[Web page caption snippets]
════════

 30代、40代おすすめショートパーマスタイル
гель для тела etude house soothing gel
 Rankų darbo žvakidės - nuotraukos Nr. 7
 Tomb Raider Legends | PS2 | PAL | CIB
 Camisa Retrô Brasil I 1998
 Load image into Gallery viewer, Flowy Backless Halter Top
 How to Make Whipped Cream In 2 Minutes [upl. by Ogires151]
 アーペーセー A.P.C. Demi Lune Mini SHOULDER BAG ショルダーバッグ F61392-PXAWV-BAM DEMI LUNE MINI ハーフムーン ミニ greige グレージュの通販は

════════

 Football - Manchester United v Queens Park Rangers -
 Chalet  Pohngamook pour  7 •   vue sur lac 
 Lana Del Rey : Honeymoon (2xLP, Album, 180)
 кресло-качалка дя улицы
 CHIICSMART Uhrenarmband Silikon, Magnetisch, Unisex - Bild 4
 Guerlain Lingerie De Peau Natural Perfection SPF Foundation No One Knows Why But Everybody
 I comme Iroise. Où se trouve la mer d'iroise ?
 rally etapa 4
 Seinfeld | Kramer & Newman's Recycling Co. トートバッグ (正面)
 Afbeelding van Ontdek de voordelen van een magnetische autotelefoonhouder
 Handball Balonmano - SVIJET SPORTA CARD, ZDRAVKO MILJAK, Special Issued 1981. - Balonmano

════════

**WHAT YOU NEED TO DO**. Repeat exactly the lines above from the one with "кресло-качалка дя улицы" up to and including the one with "Handball Balonmano - SVIJET". No other line belongs in the reply.

**REPLY TO THE TASK**.
 кресло-качалка дя улицы
 CHIICSMART Uhrenarmband Silikon, Magnetisch, Unisex - Bild 4
 Guerlain Lingerie De Peau Natural Perfection SPF Foundation No One Knows Why But Everybody
 I comme Iroise. Où se trouve la mer d'iroise ?
 rally etapa 4
 Seinfeld | Kramer & Newman's Recycling Co. トートバッグ (正面)
 Afbeelding van Ontdek de voordelen van een magnetische autotelefoonhouder
 Handball Balonmano - SVIJET SPORTA CARD, ZDRAVKO MILJAK, Special Issued 1981. - Balonmano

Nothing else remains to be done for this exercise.